I attended Intel’s software conference in Barcelona earlier this week, and took the opportunity to talk to Director of Software Products James Reinders. I asked him about the complaint from the FTC, which I reported on here, that Intel deliberately underperforms on non-Intel CPUs, specifically those made by AMD. Was it a valid complaint?
He was surprisingly (to me) forthright.
It’s not valid. It’s misguided. Intel’s compilers are very high performance. If you use our compiler, you’ll get better performance on Intel or AMD processors than if you used anyone else’s compiler. That’s always been our goal. We believe – I’ll use the words “in general” and that’s a legal disclaimer – in general we’re better. Why don’t I say always? Always is an absolute. Nobody is “always” anything. We are as close to always as we can figure out to be. We have many customers that use our compiler, ship code, because they believe it gets the best performance on Intel and AMD. We will back that. If you find that our compiler is getting less performance on AMD than someone else’s compiler, we consider it a bug. That includes AMD processors.
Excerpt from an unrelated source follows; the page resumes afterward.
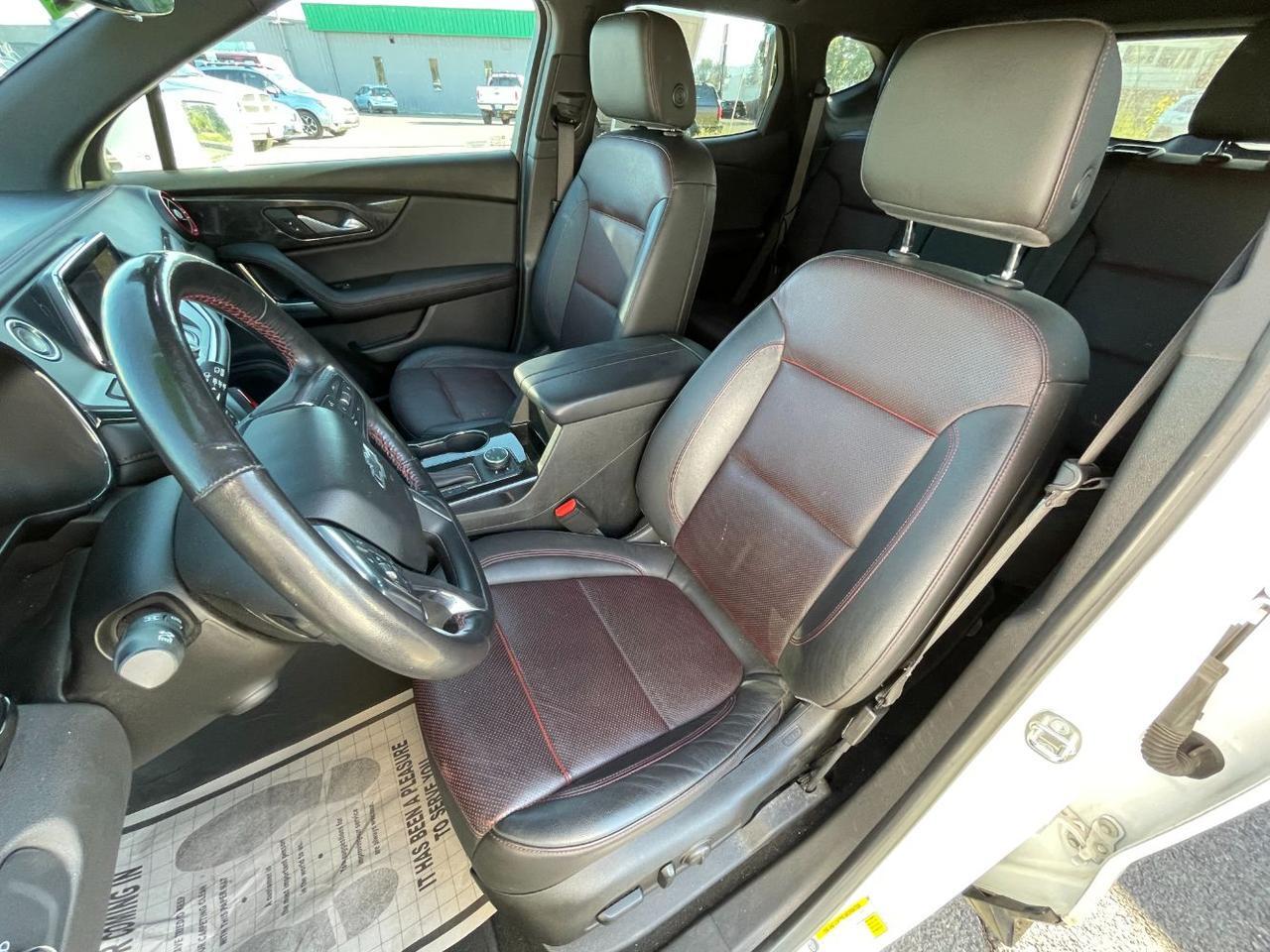2019 Chevrolet Blazer RS Spokane Valley WA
We settled the suit with AMD, we agreed that we wouldn’t do things we were accused of in future – well, we didn’t do them before. There’s a lot of proof points. AMD used our compiler for benchmarking for a long time. They didn’t do that because we were lower performance.
There are a lot of technical nuances, details of what we do in our compiler that are confusing. One of the challenges is how do we produce a binary that runs best on Nehalem, and on an older Intel processor, or on a processor that supports SSE 2.0 but not 3.0? We have technology in our compiler to try to adapt to that. We mix into that blend AMD, because AMD processors have different capabilities, in the same way that our processors have different capabilities from each other. Yes, people will say, “hey, your compiler’s checking for an AMD processor”. Yes, absolutely, we also check to see if we’re on a Intel processor that only supports SSE 2.0. We have to. AMD processors don’t support the same instructions we do. Our processors have a lot of variety too.
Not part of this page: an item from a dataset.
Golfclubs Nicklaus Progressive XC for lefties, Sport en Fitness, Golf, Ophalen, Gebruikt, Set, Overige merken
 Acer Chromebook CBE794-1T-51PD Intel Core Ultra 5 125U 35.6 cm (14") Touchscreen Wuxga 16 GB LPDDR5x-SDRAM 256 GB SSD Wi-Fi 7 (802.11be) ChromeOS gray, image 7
The short answer is that we didn’t do what we’re accused of, we’re very serious about being an excellent compiler for AMD as well as Intel, and this extends to our libraries too.
So that’s telling them. Is he correct and it was a misguided complaint? Well, as I mentioned previously, there are issues of disclosure as well as performance if you are publishing benchmarks; and it is hard to believe that Intel devotes equal effort to optimisation on AMD processors as for its own. Nevertheless I respect Reinders and don’t dismiss his statement. Perhaps Intel’s compiler is OK for AMD after all.